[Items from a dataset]
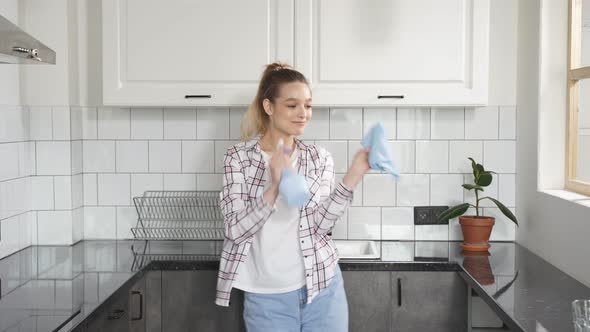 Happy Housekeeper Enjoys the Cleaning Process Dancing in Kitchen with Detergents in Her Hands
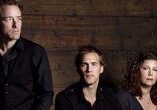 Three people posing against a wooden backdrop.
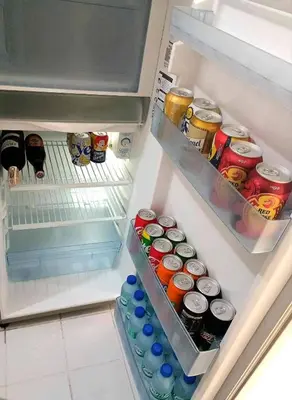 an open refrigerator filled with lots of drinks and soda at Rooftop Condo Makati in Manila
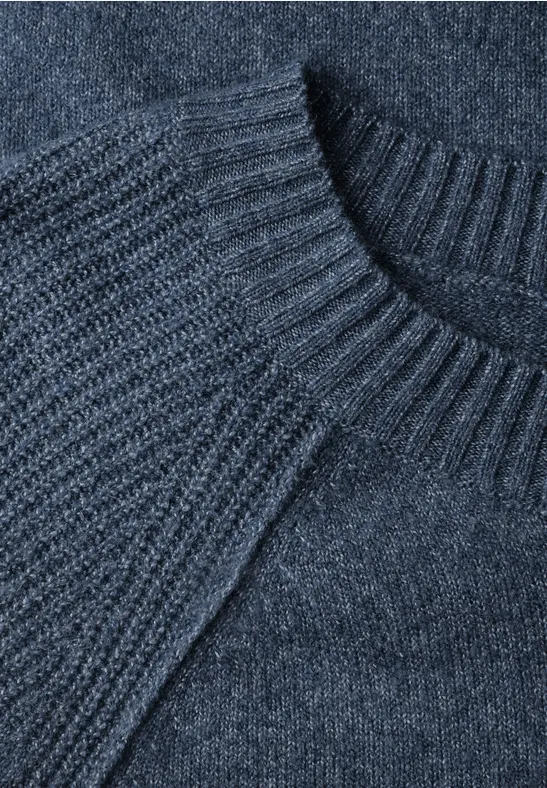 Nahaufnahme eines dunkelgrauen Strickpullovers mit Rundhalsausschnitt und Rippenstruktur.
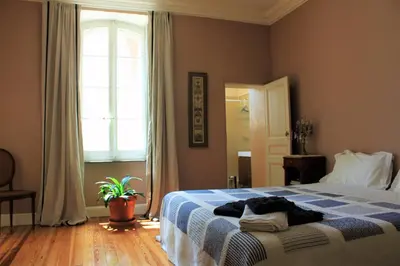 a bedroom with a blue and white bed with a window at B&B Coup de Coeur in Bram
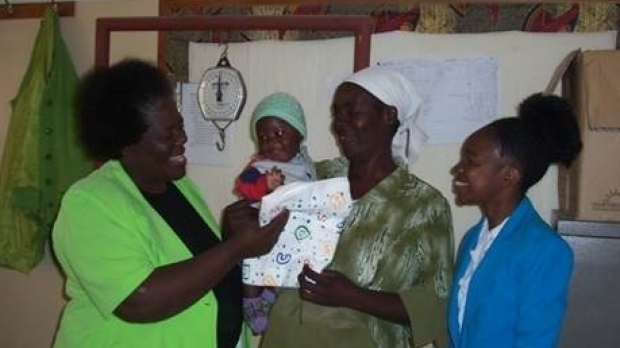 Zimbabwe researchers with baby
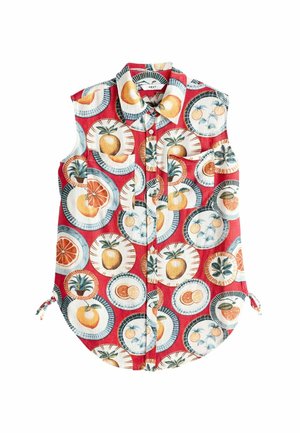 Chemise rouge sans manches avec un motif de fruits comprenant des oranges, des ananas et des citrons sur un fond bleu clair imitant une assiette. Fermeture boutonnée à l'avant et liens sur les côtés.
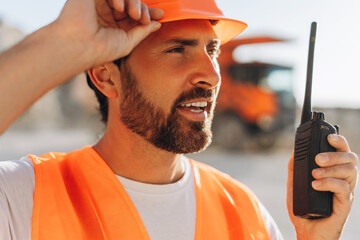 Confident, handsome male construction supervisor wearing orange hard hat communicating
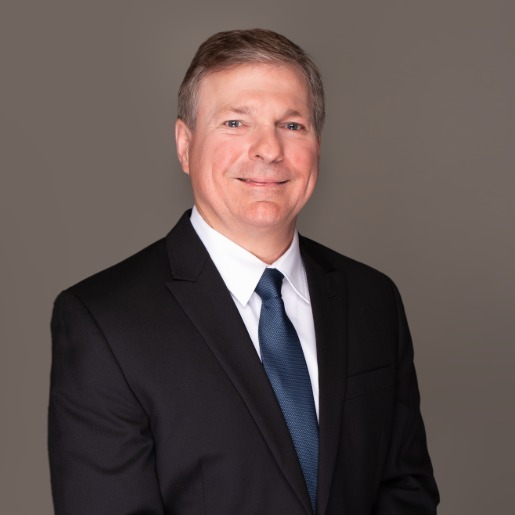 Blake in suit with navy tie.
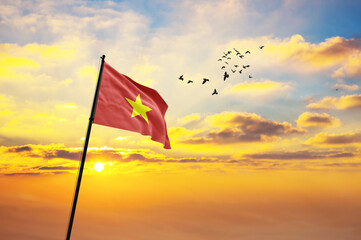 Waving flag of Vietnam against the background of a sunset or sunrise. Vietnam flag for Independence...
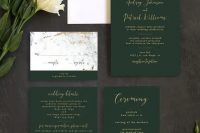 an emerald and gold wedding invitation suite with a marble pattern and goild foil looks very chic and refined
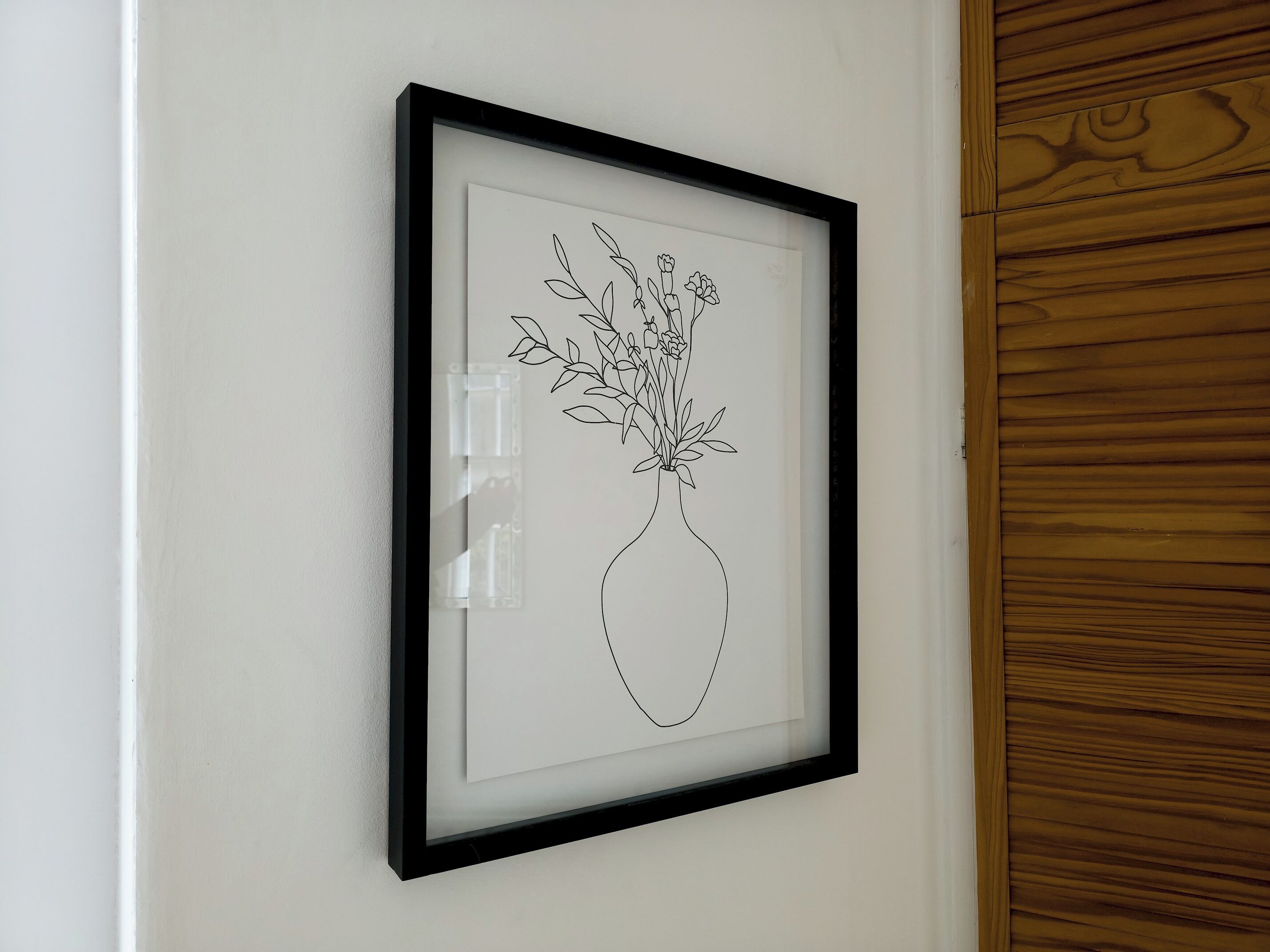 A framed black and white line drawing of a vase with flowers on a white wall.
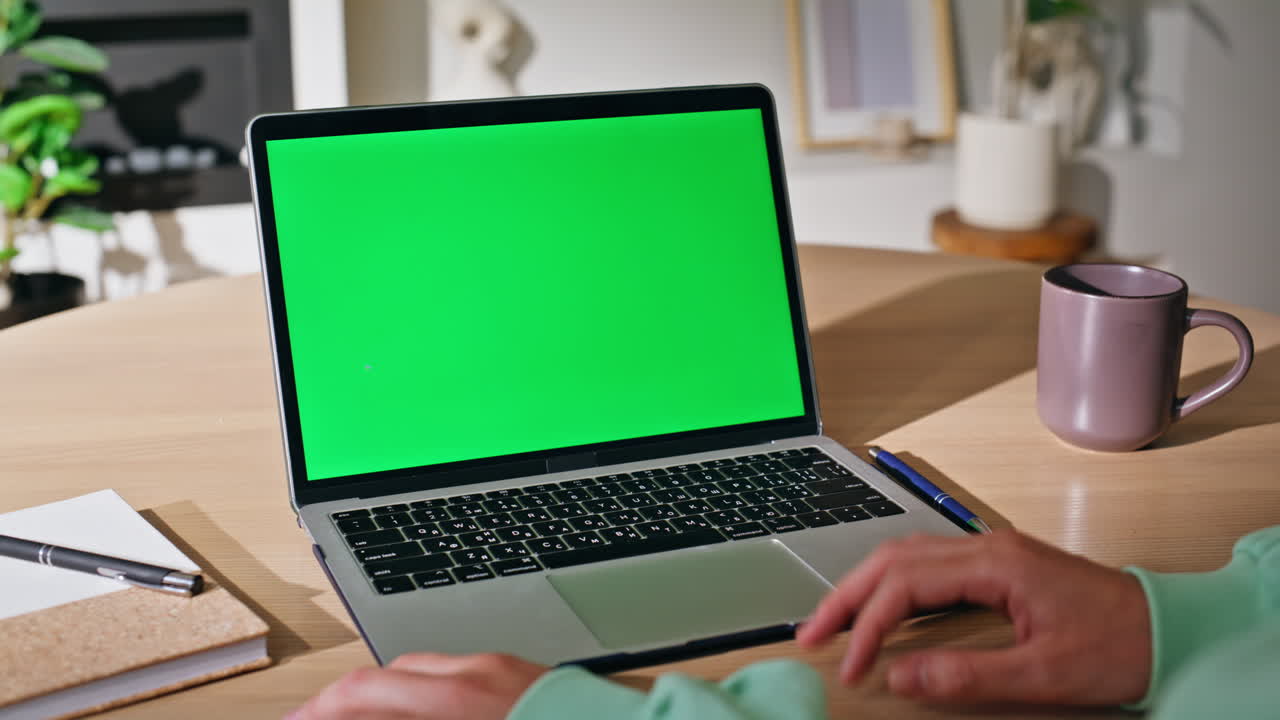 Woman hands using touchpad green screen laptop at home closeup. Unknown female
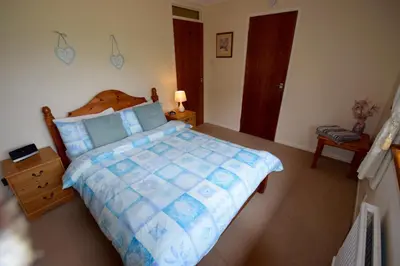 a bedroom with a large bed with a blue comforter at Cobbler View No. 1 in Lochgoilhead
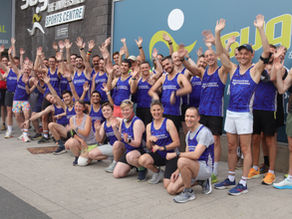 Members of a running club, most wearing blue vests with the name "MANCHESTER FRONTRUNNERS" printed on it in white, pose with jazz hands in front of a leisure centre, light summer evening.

*What is required*. An exact transcription is needed, covering the line with "Waving flag of" and every line after it to the end of the entries, but not the pictures.

*Solution*.
 Waving flag of Vietnam against the background of a sunset or sunrise. Vietnam flag for Independence...
 an emerald and gold wedding invitation suite with a marble pattern and goild foil looks very chic and refined
 A framed black and white line drawing of a vase with flowers on a white wall.
 Woman hands using touchpad green screen laptop at home closeup. Unknown female
 a bedroom with a large bed with a blue comforter at Cobbler View No. 1 in Lochgoilhead
 Members of a running club, most wearing blue vests with the name "MANCHESTER FRONTRUNNERS" printed on it in white, pose with jazz hands in front of a leisure centre, light summer evening.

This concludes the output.